Quelles démarches ont été entreprises pour que la caisse accepte finalement la prise en charge ?
Il a fallu que j’appelle la caisse maladie à maintes reprises et que l’oncologue de Damien fournisse de nombreuses explications à l’assureur pour obtenir finalement une prise en charge des deux médicaments. De plus, la garantie de prise en charge de la chimiothérapie n’était valable que pour trois mois et devait être réévaluée après ce délai. Cela n’a fait que redoubler notre stress et notre colère : pour nous, en tant que parents, c'était complètement incompréhensible, car Damien était traité à l'hôpital selon des protocoles de traitement internationaux validés en Suisse et prenait une chimiothérapie indispensable à sa guérison. Nous avons également dû changer de médicament en cours de traitement parce que la prise en charge n’était plus garantie pour la chimiothérapie d’origine, mais elle était garantie pour un médicament qui provenait d’Allemagne et qui coûtait trois fois plus cher.
Quelle a été votre réaction ?
Lorsqu’un enfant est atteint d'une maladie mortelle comme le cancer, les parents sont complètement anéantis. La vie bascule d'un jour à l'autre. Il ne faut pas que, dans cette situation extrême où la survie de l'enfant est en jeu, on doive se battre en plus pour que le traitement soit pris en charge. On a besoin au contraire d’être aidé et épaulé dans cette situation particulièrement difficile. J'ai eu le sentiment que notre caisse maladie ne mesurait pas la gravité de la maladie de Damien. C'était très difficile à supporter et cela m'a beaucoup pesé. Nous avons eu la chance que les médicaments aient été remboursés mais ce n’est pas toujours le cas. C’est pourquoi le système actuel me semble particulièrement chronophage et injuste. Je souhaiterais que la loi impose à l’avenir le remboursement automatique de tous les médicaments prescrits dans le cadre de ces protocoles de traitement. Il me semble également fondamental que les enfants aient un meilleur accès aux traitements innovants qui peuvent leur sauver la vie. Chaque enfant atteint d'un cancer devrait avoir droit aux meilleures chances de guérison possibles.

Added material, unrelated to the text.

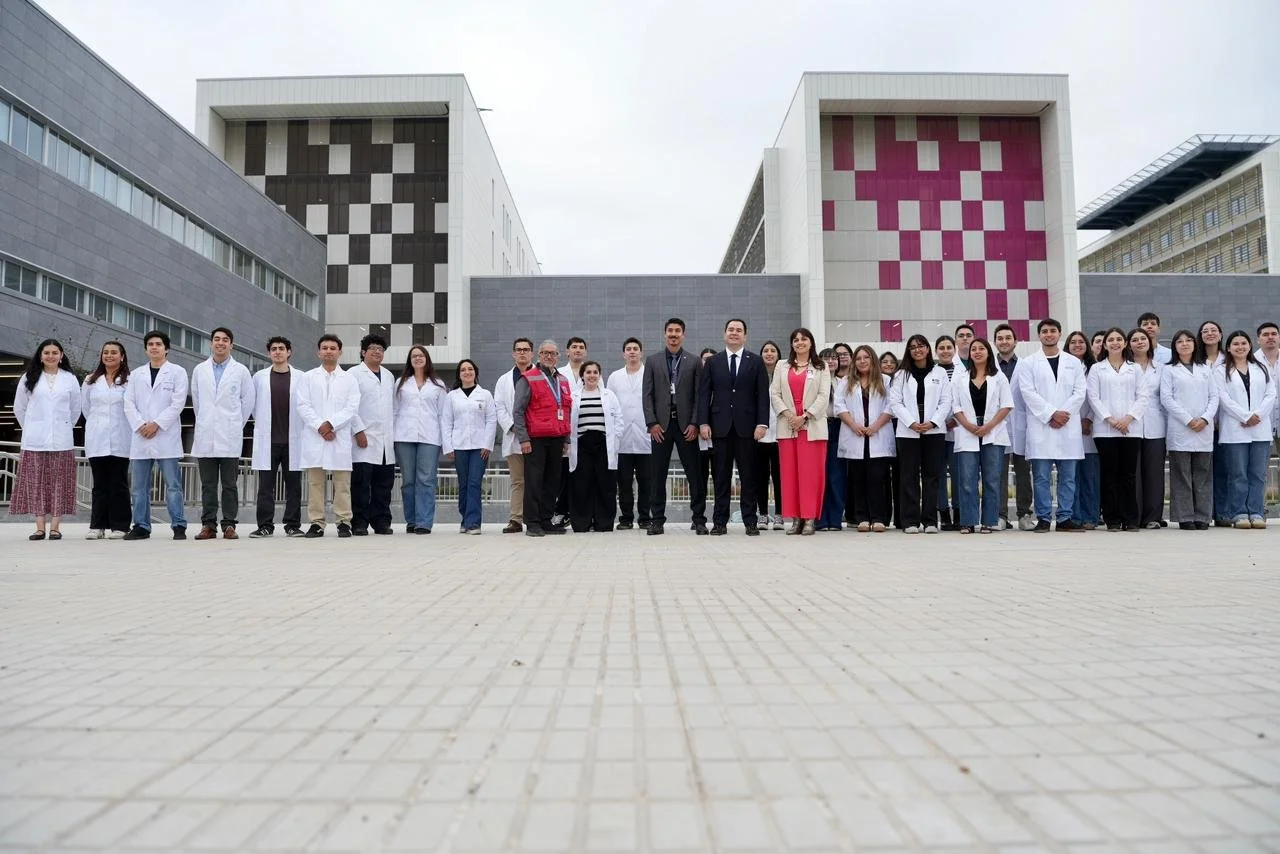 37 nuevos profesionales de la salud inician su labor en Ñuble con visita al Hospital Regional&nbsp;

* Ce n'est que lorsqu'un médicament figure sur la liste dite des spécialités et qu'il a été prescrit par un médecin que les caisses d'assurance maladie sont tenues de le prendre en charge. Toutefois, si un médicament ne figurant pas sur cette liste ou un médicament non encore autorisé en Suisse doit être prescrit, une demande de remboursement dans un cas exceptionnel (off-label use) doit être adressée à la caisse. Actuellement, environ 90 % des traitements du cancer chez l'enfant et l'adolescent sont concernés, car leur utilisation ne correspond pas ou seulement en partie à l'indication requise sur la liste des spécialités.